Experiente em competições de alto nível, Vinčić acumula passagens por partidas da Liga dos Campeões da UEFA e da Eurocopa. No entanto, seu nome voltou aos holofotes por causa de um episódio ocorrido em 2020, quando foi conduzido para prestar esclarecimentos após uma ação policial em uma propriedade rural no país balcânico.
Na ocasião, autoridades locais realizaram uma operação que resultou na detenção de dezenas de pessoas. Segundo informações divulgadas pelas autoridades da época, foram apreendidos cocaína, armas de fogo, medicamentos e dinheiro em espécie.
Vinčić estava no local quando a polícia realizou a abordagem e foi levado para prestar depoimento como testemunha. Após as investigações, ele foi liberado e não sofreu qualquer acusação formal. O árbitro acabou sendo inocentado pelas autoridades responsáveis pelo caso.
Versão apresentada pelo árbitro
Em entrevista concedida posteriormente à imprensa eslovena, Vinčić afirmou que estava na Bósnia e Herzegovina para uma reunião de negócios e que aceitou um convite para um almoço sem conhecer o contexto do evento.
Segundo o árbitro, a presença no local foi um erro de julgamento.

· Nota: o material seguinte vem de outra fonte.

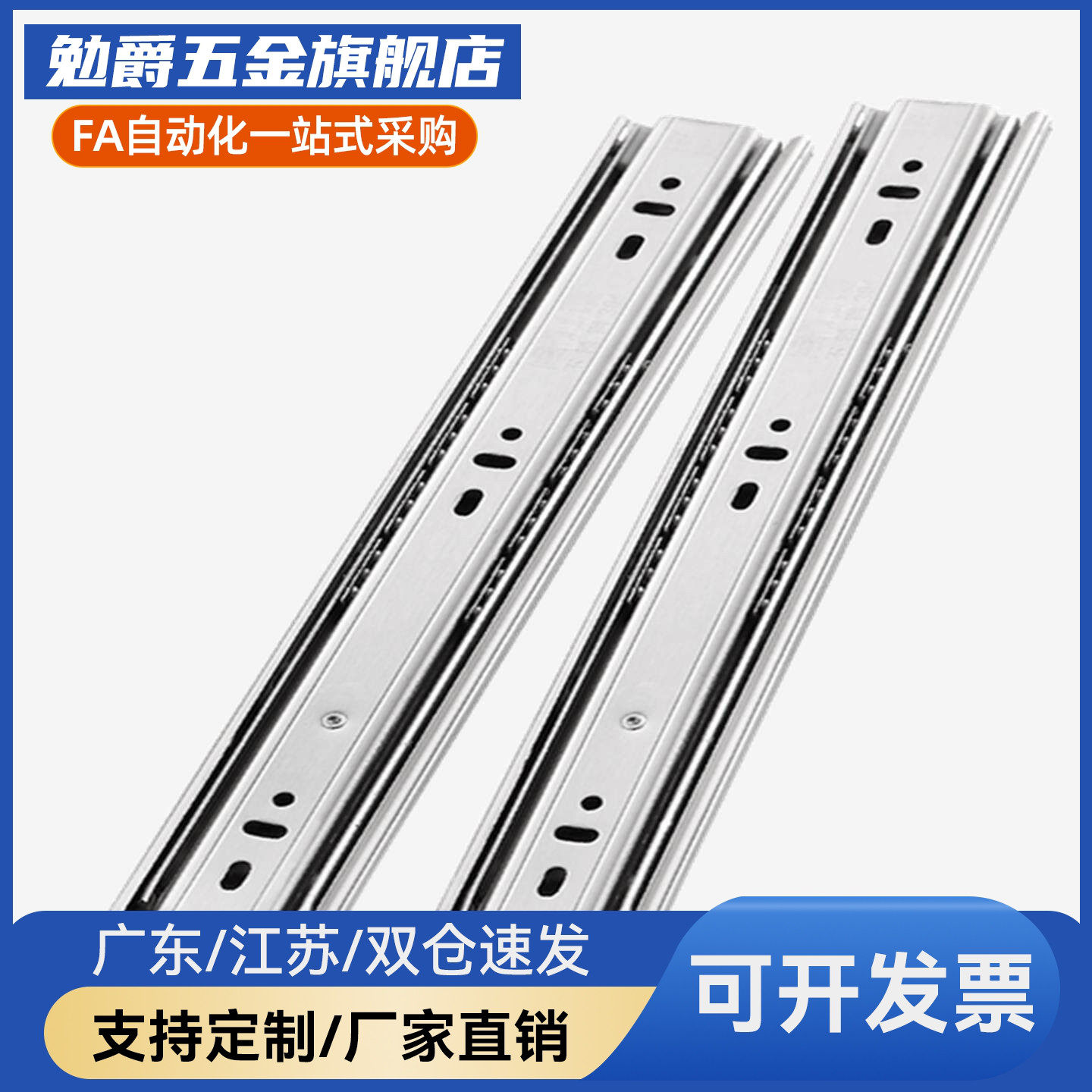 合工业滑轨14系列IDA4470100125150达轻载型三节式全长伸展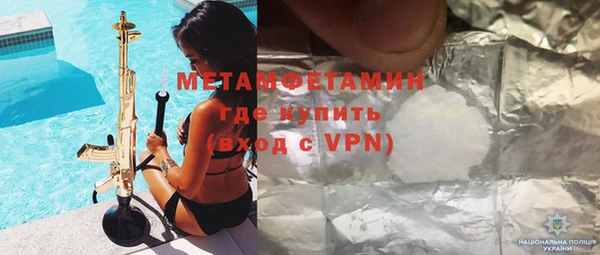 гашик Абдулино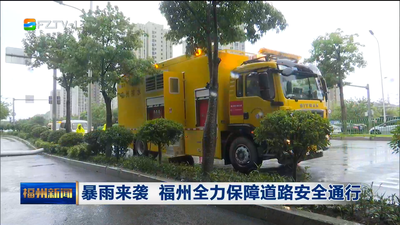 暴雨来袭 福州全力保障道路安全通行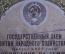 Облигация 500 рублей 1957 года. Заём развития народного хозяйства. Пятьсот рублей, RRR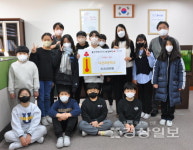 울산 중구 다전초등학교 학생자치회 일동, 울산사회복지공동모금회에 성금 31만900원 전달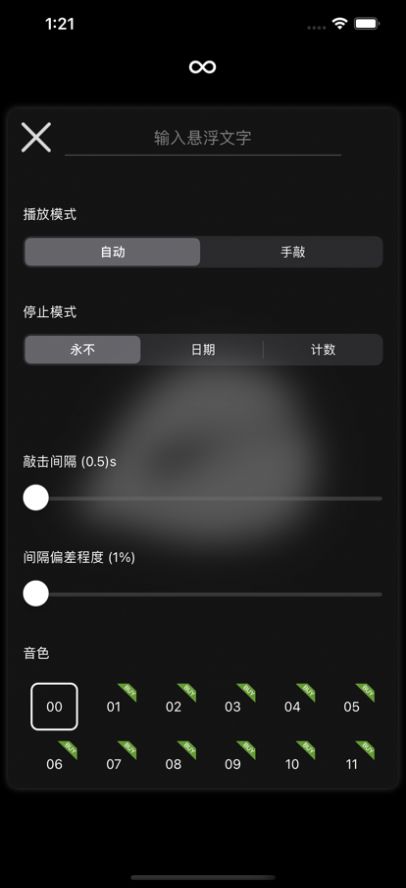 电子木鱼模拟器游戏图3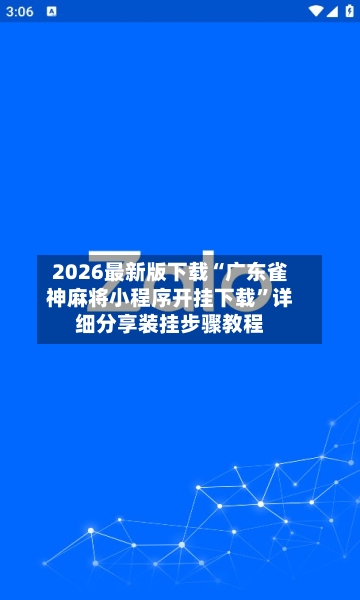 2026最新版下载“广东雀神麻将小程序开挂下载	”详细分享装挂步骤教程-第2张图片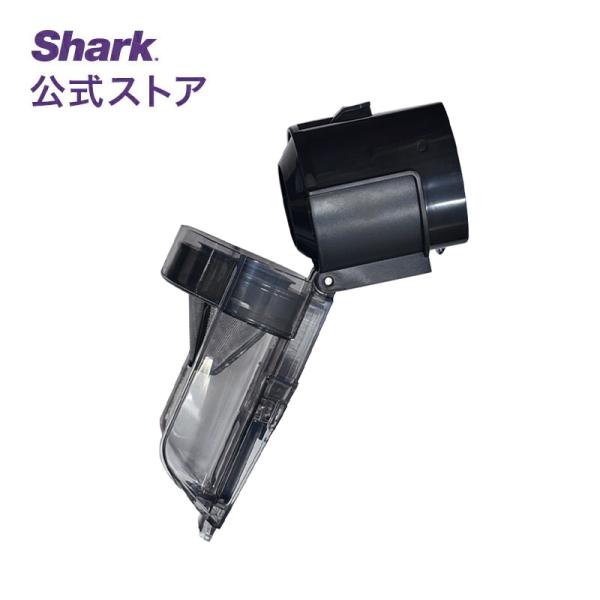 シャーク Shark EVOPOWER SYSTEM STD+ ダストカップ 純正 掃除機用ダストカ...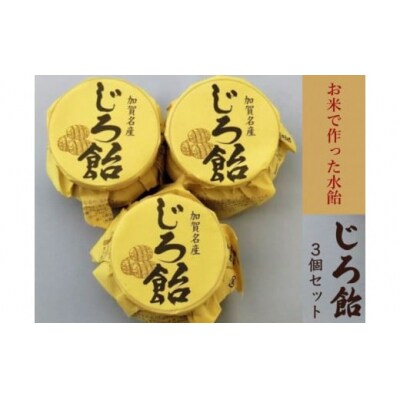 加賀名産 じろ飴 3個セット 水飴 加賀の伝統和菓子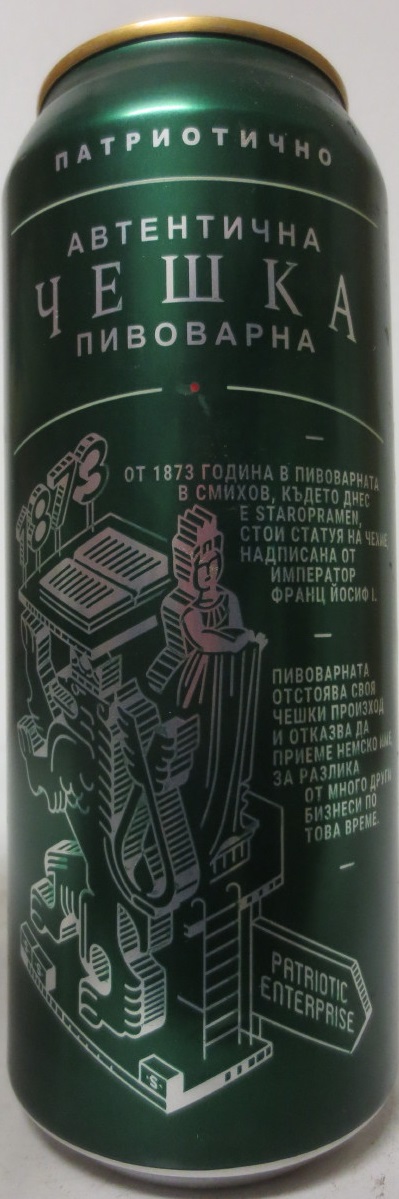 Staropramen EST IN PRAGUE LIMITED Stories EDITION (50cl) (B/O) č.2/6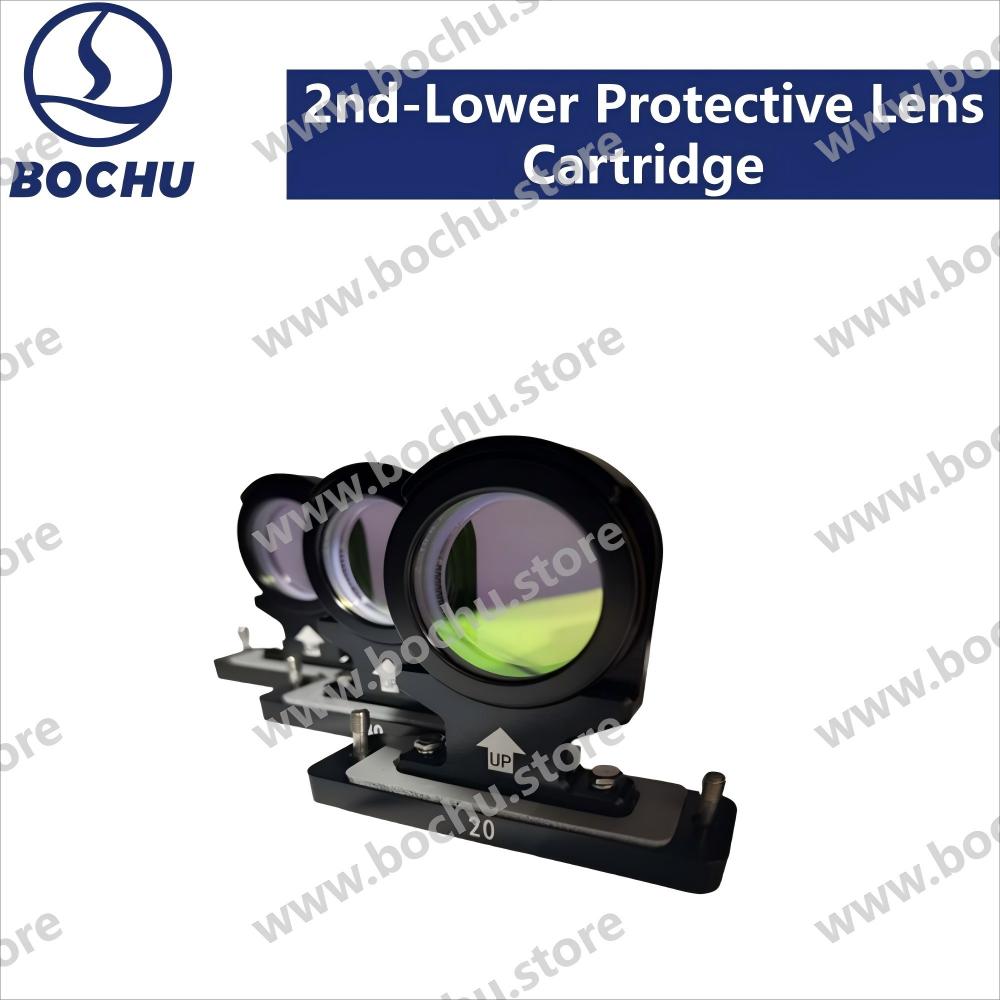 BOCHU BOCI 2nd-Lower Protective Lens Cartridge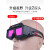 山头林村(精选好物）电焊眼镜自动变光烧焊工专用防护目镜氩弧焊防强光防 w370双片眼镜
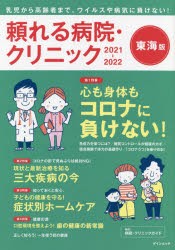 頼れる病院・クリニック 東海版 2021-2022 [ムック]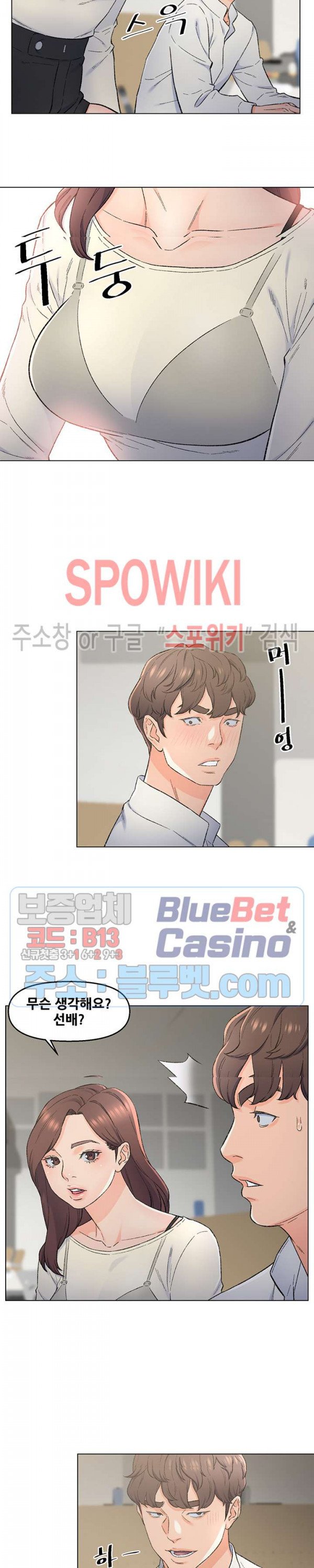 Dad Friend Raw Chapter 4 Page 8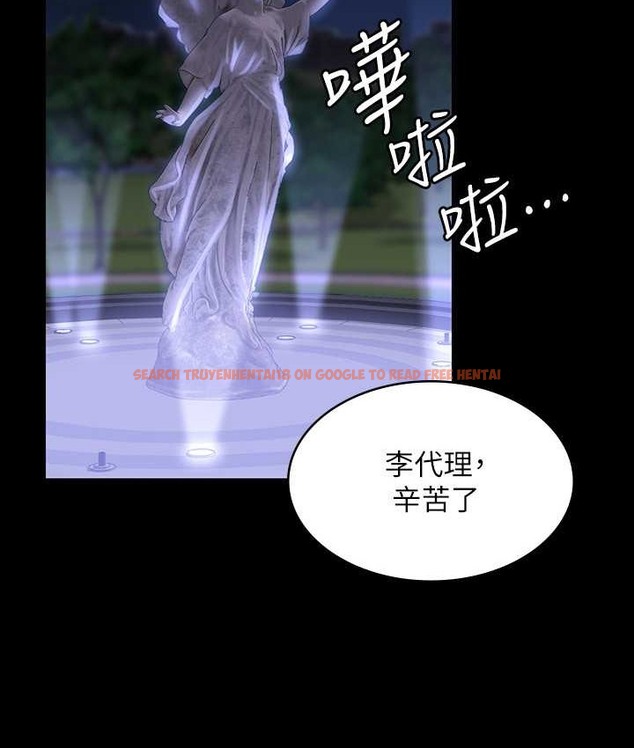 查看漫画超級公務員 - 最終話-管理員的生活 - tymanga.com中的2119289图片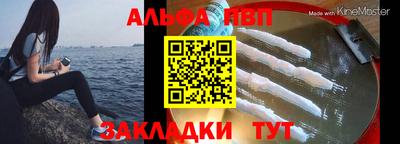 твердый Кандалакша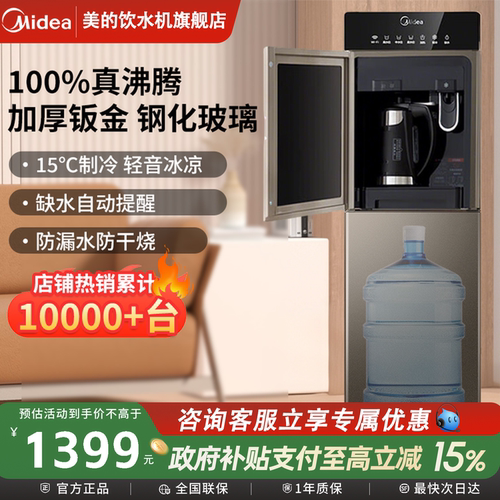 美的高端饮水机外置沸腾胆100℃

Ele declarou que se arrepende da decisão de ter aceitado o convite e ressaltou que não tinha ligação com as atividades investigadas pela polícia.
Polêmicas também dentro de campo
Além do episódio extracampo, Vinčić esteve recentemente no centro de uma controvérsia esportiva na Liga dos Campeões. Durante uma partida entre Bayern de Munique e Real Madrid, o árbitro expulsou o volante francês Eduardo Camavinga nos minutos finais do confronto.